One can see from the UN report 10 Marauder armoured vehicles were sold and/or exported. But is it a category “A” or “C” export? An MRAP (mine resistant armour protected vehicle) is indeed an armoured vehicle but in its raw form can be described as “non-sensitive equipment which comprises all support equipment usually employed in direct support of combat operations that have no inherent capability to kill or destruct, although, if employed in conjunction with [Category A equipment], they could have multiple effect. Examples are radars, meteorological stations, radio equipment, support vehicles and aircraft and recovery equipment.” Which is it?

This brings me to another question: Are the terms “arms”, “weapons” and “defence equipment” interchangeable?
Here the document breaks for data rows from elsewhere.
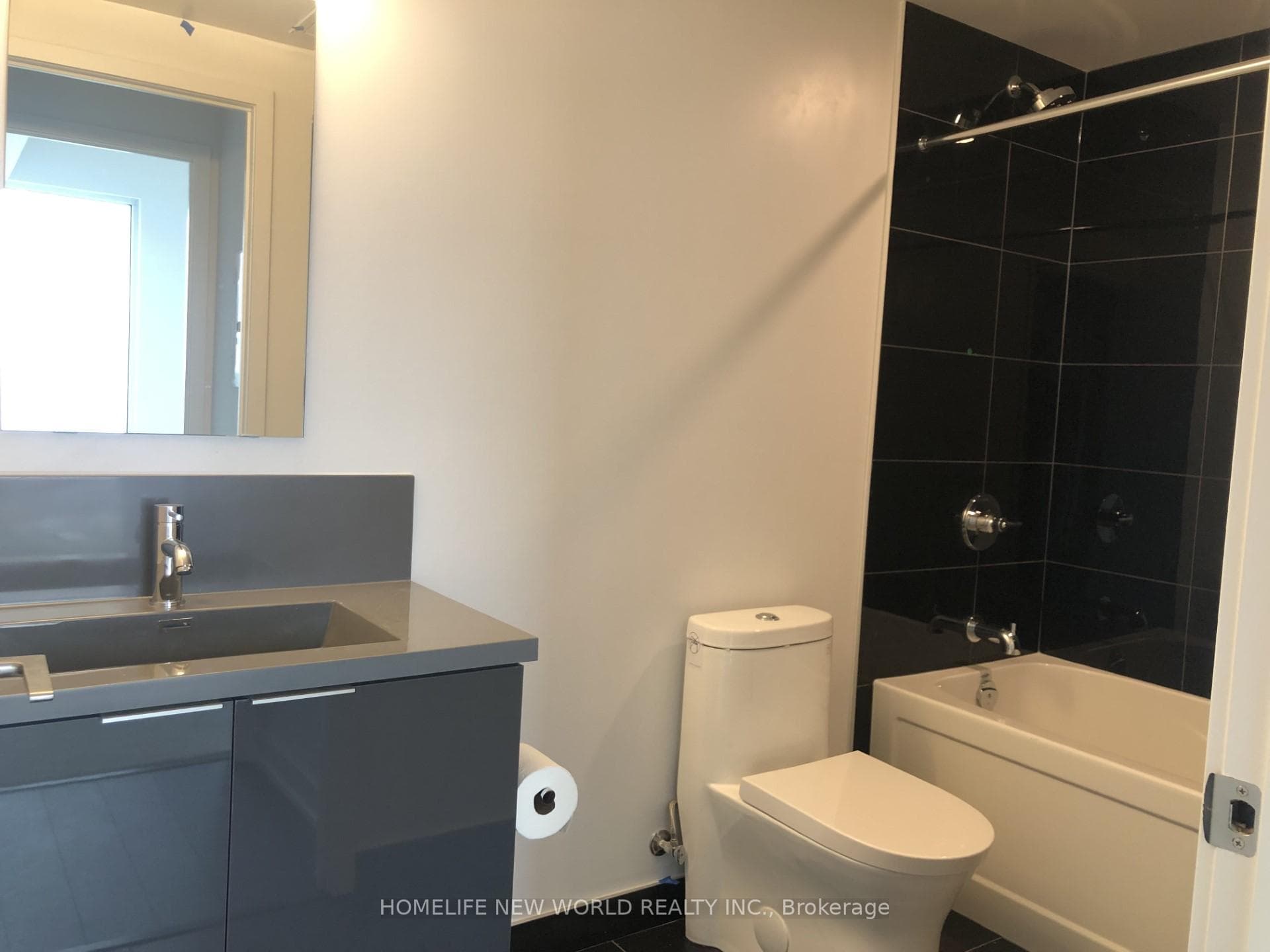 238 Simcoe Street Unit 3301 photo 12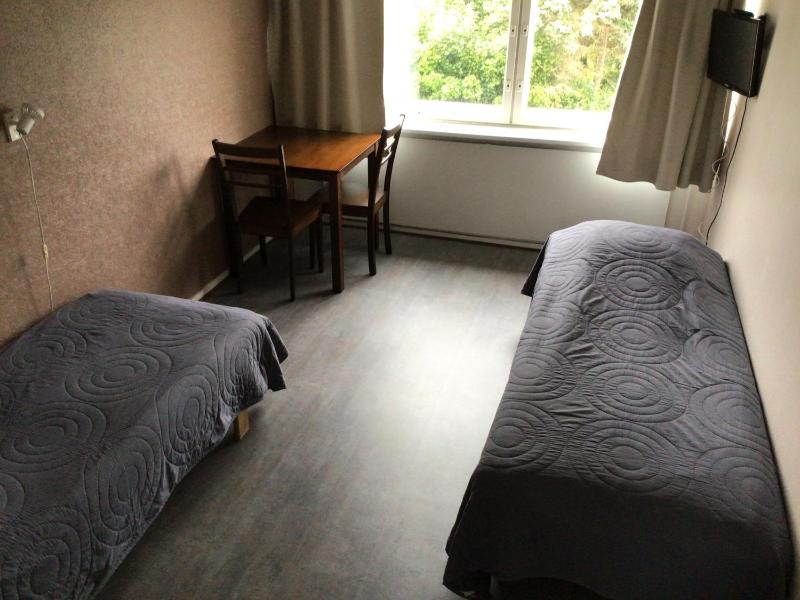 Double or Twin Room image 2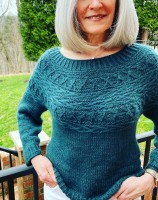Пуловер с текстурным узором схемы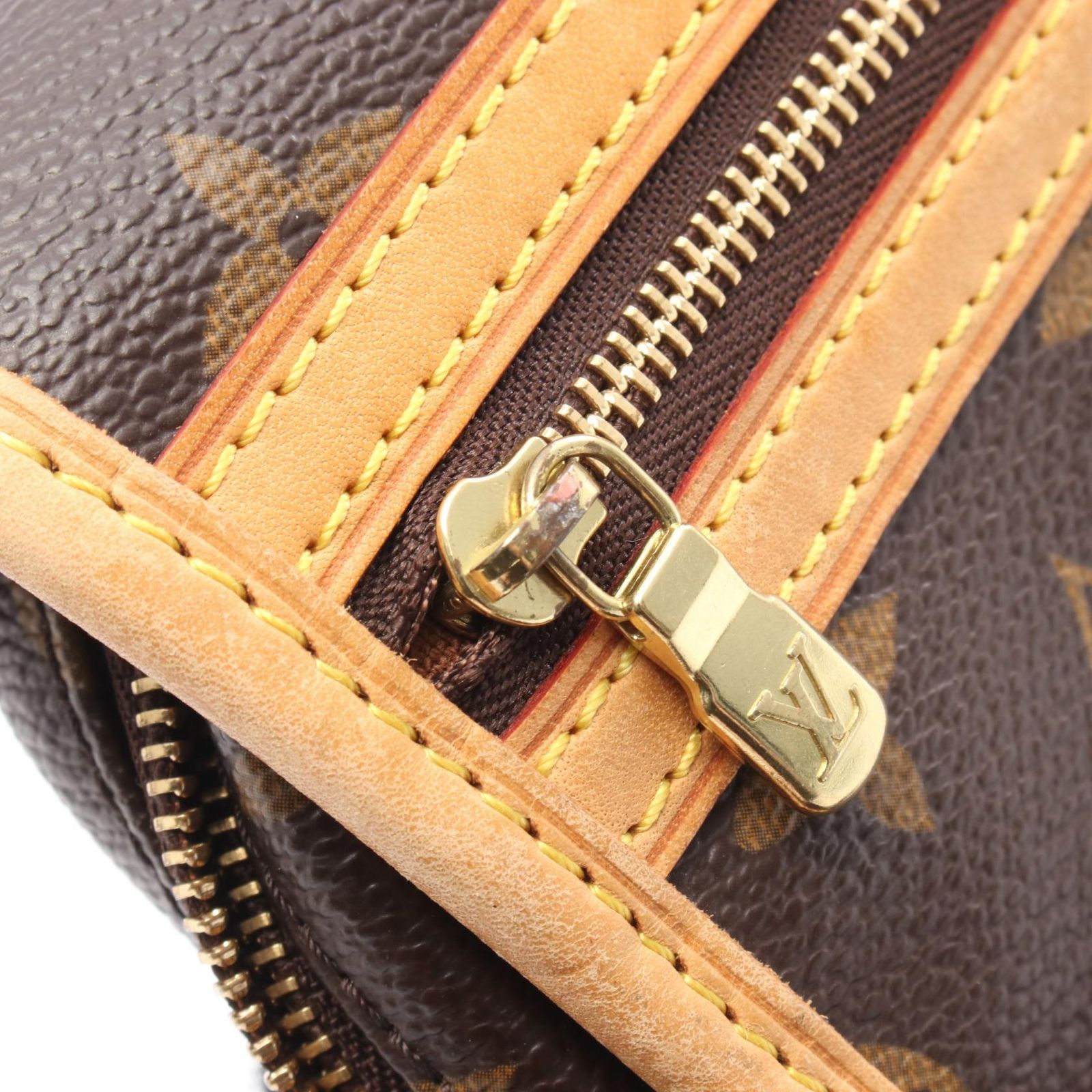 バムバッグ ボスフォール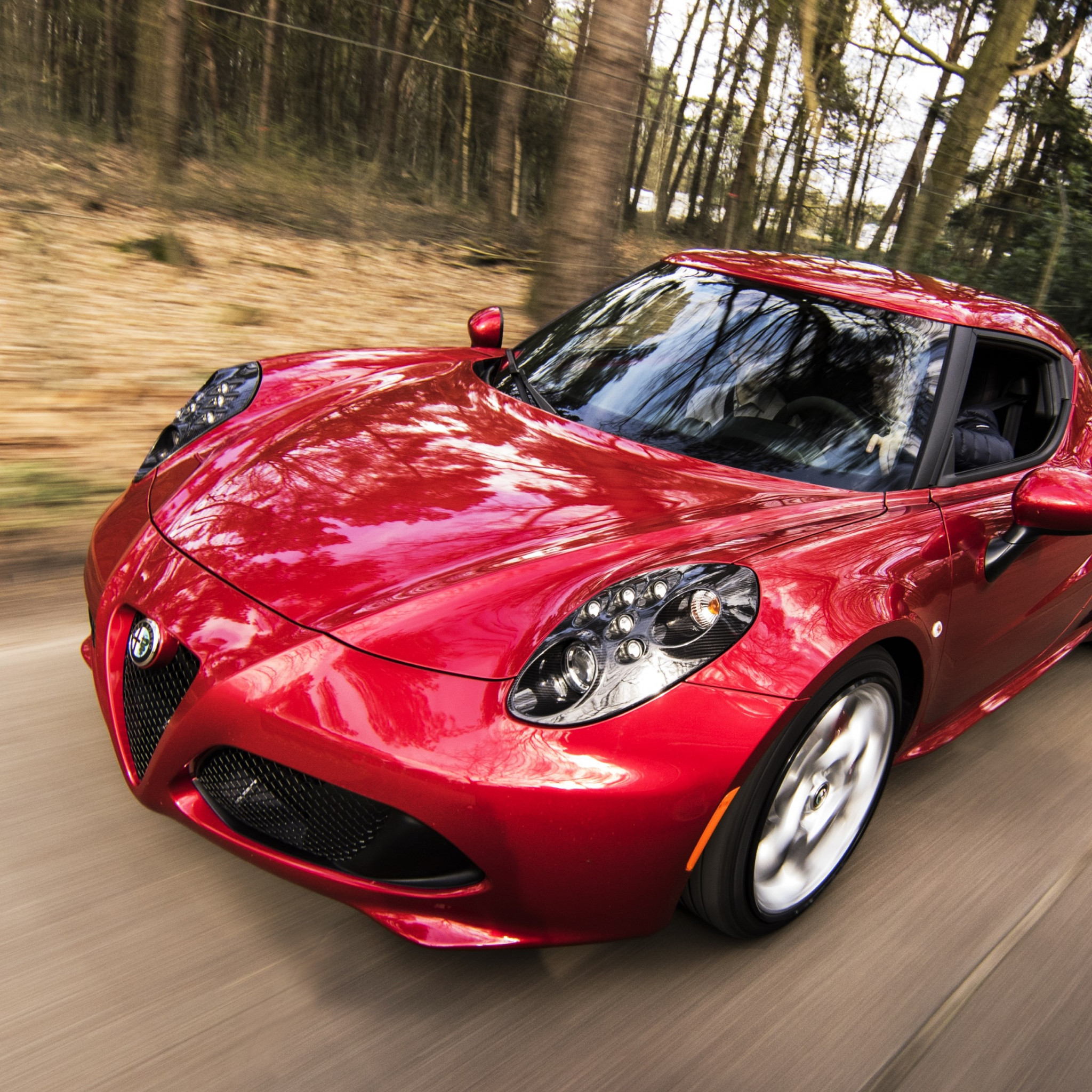 Alfa Romeo 4C Coupe wallpaper 2048x2048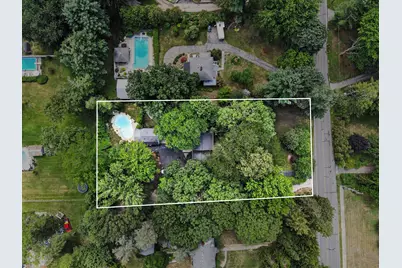 1110 Oakleigh Avenue NW, Grand Rapids, MI 49504 - Photo 4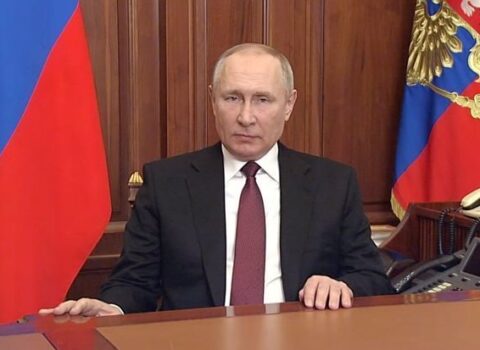 Putin silahlı qüvvələri xüsusi döyüş rejiminə keçirməyi əmr etdi – VİDEO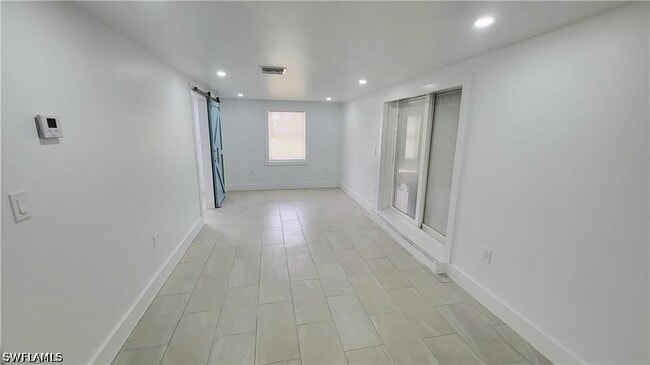 Building Photo - 10671 Hampton St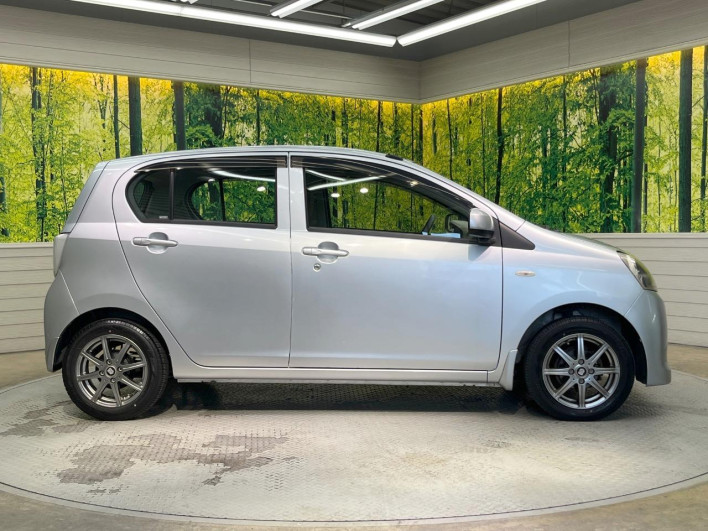2013 Daihatsu Mirai Ease DBA-LA300S (UW-6a0931386ed74)[19]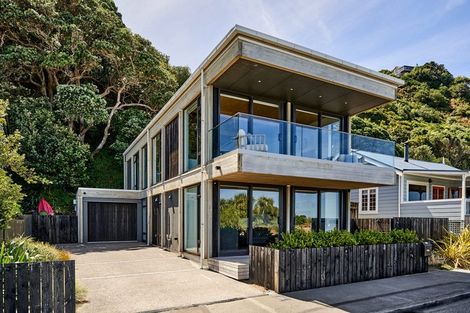 Photo of property in 196 The Esplanade, Island Bay, Wellington, 6023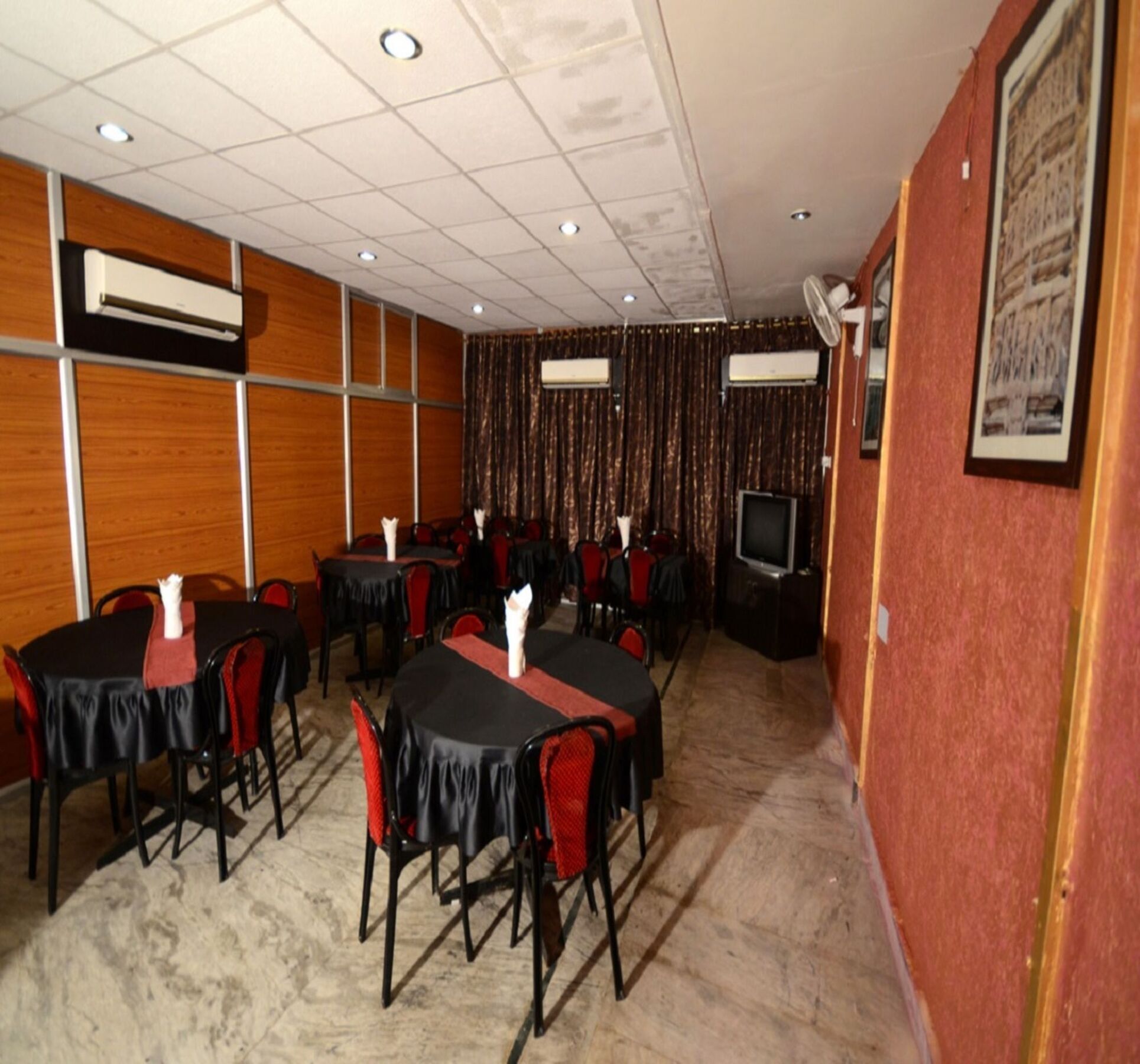 Oyo 2075 Hotel Kota Royal Eksteriør billede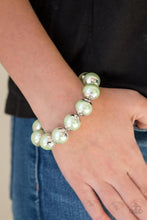 Load image into Gallery viewer, Paparazzi One Woman Show-STOPPER - Green Bracelet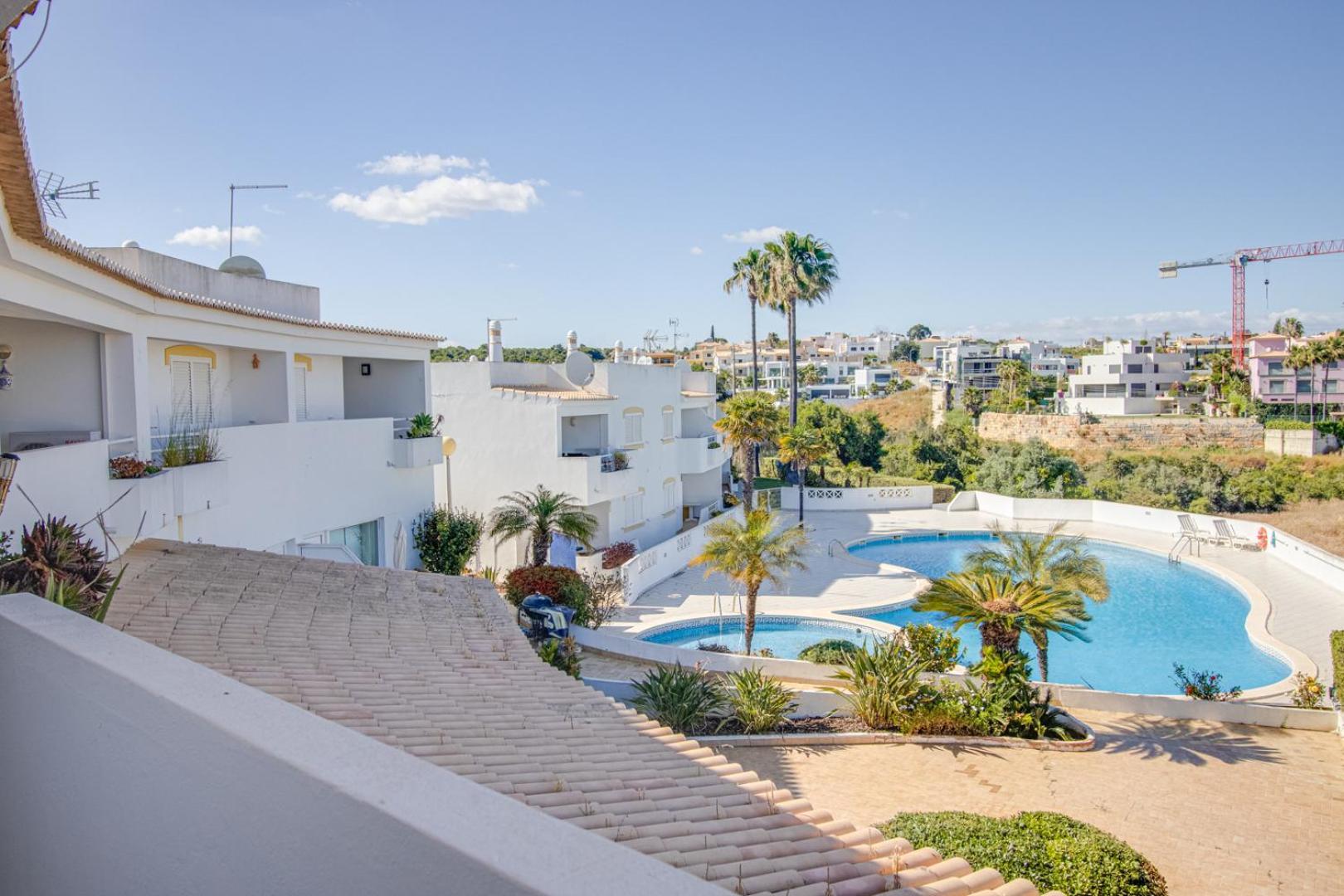 Renovated 2bd Ac Wi-fi Pool 350m Porches (Algarve)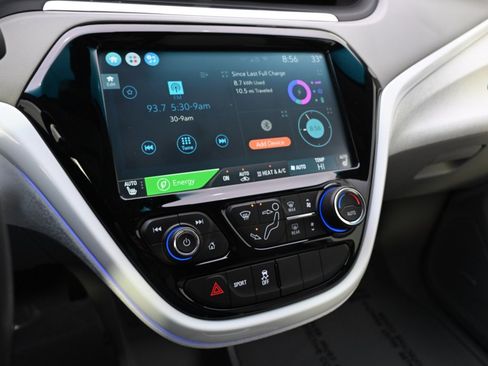 Used 2017 Chevrolet Bolt Premier w/ Infotainment Package image 27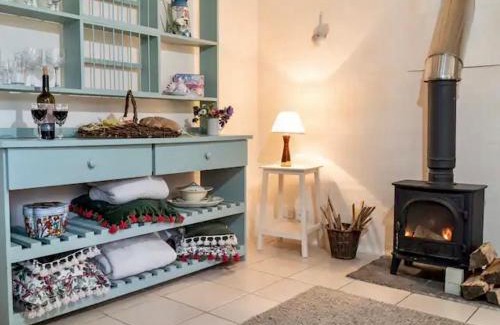 Wedmore House | Pass The Keys Ian's Cottage, Wedmore - country cottage for two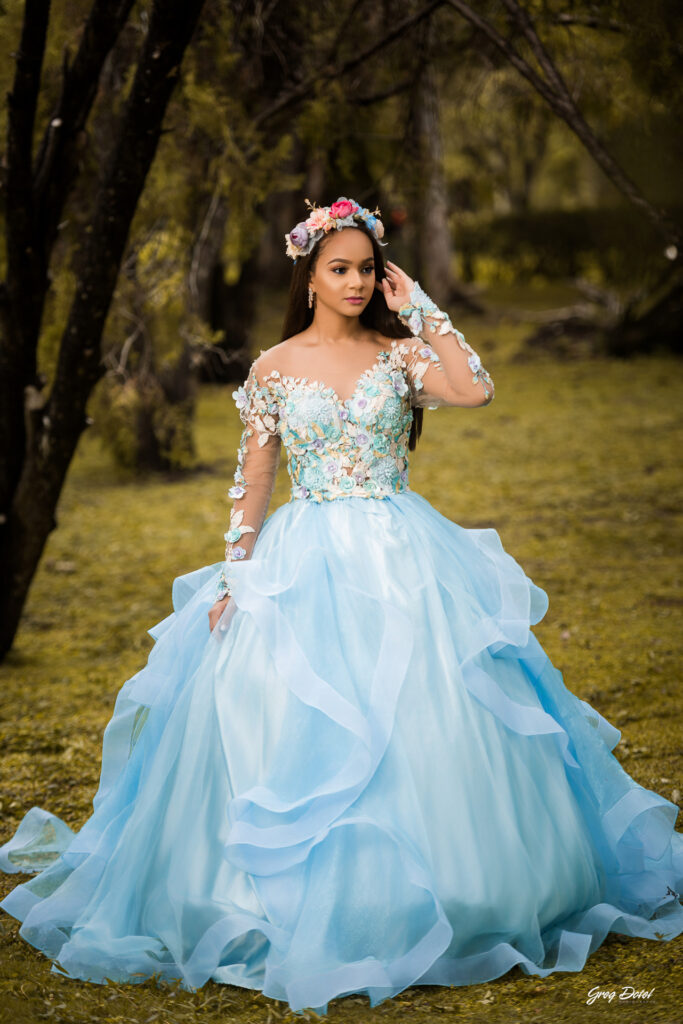 Sesion de fotos de 15 años hermosas y modernas de Carismell en el Jardin Botanico de Santo Domingo, República Dominicana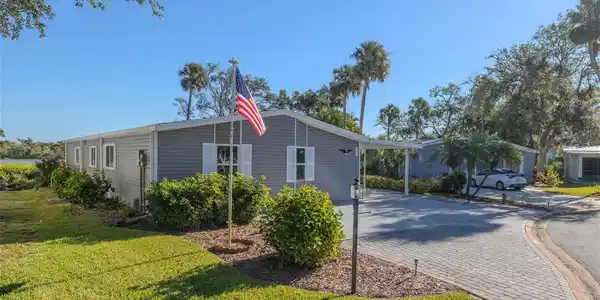 335 SCHOONER AVENUE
The media articles suggest they are, all refer to “arms”. But is a MRAP an “arm” or even a weapon, in the way an assault rifle, grenade, spear, club or stone is? I don’t think so. Therefore SA’s “arms” exports is substantially less than its defence exports, something that should be highlighted.

Another issue that needs illumination is that of “sales”versus export permits. Of the latter, there was R8.329 billion in 2010 and R7.812 billion in 2009, including R151.7 million to Azerbaijan. How much of that was actual sales? The R1.1 million under Category E is clearly sales. But the rest? If a vehicle, mortar system or radio is exported to Azerbaijan for an exhibition or a test, evaluation, or the like,is it a real export? My understanding is that equipment must be returned after these. So, while the value of these reflect in the figures (and one can ask if they should), these are hardly real exports. The figures really should discriminate these.

Then there is the issue of secrecy. Actions speak louder than words. The NCACC this month again attempted to classify the figures “confidential” and have it tabled in a closed session of the Joint Standing Committee of Defence. Hardly the actions of democrats committee to “openness” and “transparency”. The committee will no doubt have some clever weasel-words to explain why its 2008 report was only tabled in September 2009, despite the law at the time setting the deadline of March 31. It will no doubt have some sophistry to hand to explain away why the 2003 and 2004 figures were only tabled in Parliament in August 2005 and made public in 2007. The 2005, 2006 and 2007 reports were apparently tabled in Parliament but are not available to the public because (surprise!!) they were classified by the NCACC. The 2008 report made it into the public domain despite the NCACC – who had classified it “confidential”.


Part of the “explanation” for the secrecy is commercial confidentiality. This is difficult to believe in connection with the bland information (and I use the term very loosely) provided to Parliament. Perhaps the attempts at secrecy is in the hope that it could thwart media coverage and public scrutiny (scrutiny by the public, not just a few “representatives” of the public, sworn to secrecy, behind closed doors). That is unlikely. Secrecy tends to excite journalists to greater endeavours. And what about the UN data?

Indeed, what about the UN data? The extract above shows the export of tanks, as a donation, to Poland. Interesting then that this was a surprise to the museum concerned They know of no such export! Reminds of the husband who found his wife in bed with another man. Her response: “Who are you going to believe? Your wife or your lying eyes?” The same reports avers the export of two Ferret armoured cars to Senegal. The Ferret was built by Daimler from 1952 to 1971 and some were indeed acquired by South Africa. A number of these were upgraded for 44 Parachute Brigade in the 1980s and one is now a gateguard outside the regimental lines. Senegal may well have acquired two Ferrets, although I have my doubts. Another intriguing export was in 2007, the sale of six “RG23” vehicles to an unspecified international humanitarian organisation. Did they mean that or did they mean RG32? BAE Systems does not manufacture a “RG23”. A mistake or mis/disinformation?

You tell me…

Why do I care? Because accurate data is important and at the very least, there is a duty on the government to ensure what little it publishes is correct.